My prediction: Either these models will have to expose some editable intermediate step, or they have to become as smart as a human.

From the users point of view, a sentence is turned into an image. But there is an underlying structure to the pixels that we aren't allowed to tinker with.

Many choices are made like, placement, color pallete, level of detail, emotion evoked, or sub image descriptions (What should this bush look like, what kind of cloud should this be?)

These image generators are so useful because they fill in all the details you leave out, but you have no ability to tinker with the intermediate details they choose, and you can't just give them a paragraph of details either.

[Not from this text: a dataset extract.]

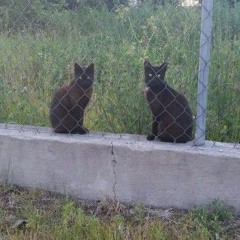 Naturia libellula with silas roe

There are models available that give you more control - in some senses, at least.

For example, you can use Stable Diffusion with 'ControlNet' [1] where for example, you can input an 'openpose' to choose the pose of people in the scene.

There's also a 'Regional Prompter' [2] which lets you use different prompts for different areas of the image, giving you some control over the composition.

You can also use 'inpainting' to regenerate select parts of your image if, for example, you don't like the shape of the clouds.

Of course this stuff isn't perfect - for example, you'll get hands with the wrong number of fingers sometimes, no matter what you specify. And you can't easily generate things like multi-frame cartoons without characters clothes changing between frames.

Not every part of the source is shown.